[[ SUPPLIED INFORMATION open ]]

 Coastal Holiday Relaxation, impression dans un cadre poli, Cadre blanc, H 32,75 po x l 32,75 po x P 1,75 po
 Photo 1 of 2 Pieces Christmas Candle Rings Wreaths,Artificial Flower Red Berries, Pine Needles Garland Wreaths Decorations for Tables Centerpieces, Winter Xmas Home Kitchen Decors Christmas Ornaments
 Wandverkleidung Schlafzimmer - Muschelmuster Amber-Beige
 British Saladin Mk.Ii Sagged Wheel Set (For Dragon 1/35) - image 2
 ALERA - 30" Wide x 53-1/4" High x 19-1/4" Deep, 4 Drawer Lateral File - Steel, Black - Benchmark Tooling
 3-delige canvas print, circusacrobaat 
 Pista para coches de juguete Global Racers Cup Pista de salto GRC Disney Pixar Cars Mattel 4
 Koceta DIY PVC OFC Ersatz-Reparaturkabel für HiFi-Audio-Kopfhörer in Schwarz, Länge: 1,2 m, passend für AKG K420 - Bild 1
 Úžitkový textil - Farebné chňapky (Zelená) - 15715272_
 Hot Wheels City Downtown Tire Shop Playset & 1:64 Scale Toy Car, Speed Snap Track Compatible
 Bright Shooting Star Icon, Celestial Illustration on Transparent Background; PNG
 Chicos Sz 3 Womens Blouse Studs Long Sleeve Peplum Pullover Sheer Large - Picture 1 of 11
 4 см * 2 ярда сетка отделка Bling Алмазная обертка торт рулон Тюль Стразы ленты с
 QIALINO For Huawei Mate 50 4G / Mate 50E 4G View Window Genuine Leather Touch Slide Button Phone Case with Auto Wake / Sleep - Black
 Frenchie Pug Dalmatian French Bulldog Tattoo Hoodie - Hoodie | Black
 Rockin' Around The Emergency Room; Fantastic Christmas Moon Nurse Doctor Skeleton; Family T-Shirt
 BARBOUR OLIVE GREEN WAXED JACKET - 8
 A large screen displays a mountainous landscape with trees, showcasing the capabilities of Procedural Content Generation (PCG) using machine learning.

[[ SUPPLIED INFORMATION closed ]]

> [WORK ITEM] Transcribe the entries above so that nothing in them differs from the original.

> [WRITTEN REPLY]
 Coastal Holiday Relaxation, impression dans un cadre poli, Cadre blanc, H 32,75 po x l 32,75 po x P 1,75 po
 Photo 1 of 2 Pieces Christmas Candle Rings Wreaths,Artificial Flower Red Berries, Pine Needles Garland Wreaths Decorations for Tables Centerpieces, Winter Xmas Home Kitchen Decors Christmas Ornaments
 Wandverkleidung Schlafzimmer - Muschelmuster Amber-Beige
 British Saladin Mk.Ii Sagged Wheel Set (For Dragon 1/35) - image 2
 ALERA - 30" Wide x 53-1/4" High x 19-1/4" Deep, 4 Drawer Lateral File - Steel, Black - Benchmark Tooling
 3-delige canvas print, circusacrobaat 
 Pista para coches de juguete Global Racers Cup Pista de salto GRC Disney Pixar Cars Mattel 4
 Koceta DIY PVC OFC Ersatz-Reparaturkabel für HiFi-Audio-Kopfhörer in Schwarz, Länge: 1,2 m, passend für AKG K420 - Bild 1
 Úžitkový textil - Farebné chňapky (Zelená) - 15715272_
 Hot Wheels City Downtown Tire Shop Playset & 1:64 Scale Toy Car, Speed Snap Track Compatible
 Bright Shooting Star Icon, Celestial Illustration on Transparent Background; PNG
 Chicos Sz 3 Womens Blouse Studs Long Sleeve Peplum Pullover Sheer Large - Picture 1 of 11
 4 см * 2 ярда сетка отделка Bling Алмазная обертка торт рулон Тюль Стразы ленты с
 QIALINO For Huawei Mate 50 4G / Mate 50E 4G View Window Genuine Leather Touch Slide Button Phone Case with Auto Wake / Sleep - Black
 Frenchie Pug Dalmatian French Bulldog Tattoo Hoodie - Hoodie | Black
 Rockin' Around The Emergency Room; Fantastic Christmas Moon Nurse Doctor Skeleton; Family T-Shirt
 BARBOUR OLIVE GREEN WAXED JACKET - 8
 A large screen displays a mountainous landscape with trees, showcasing the capabilities of Procedural Content Generation (PCG) using machine learning.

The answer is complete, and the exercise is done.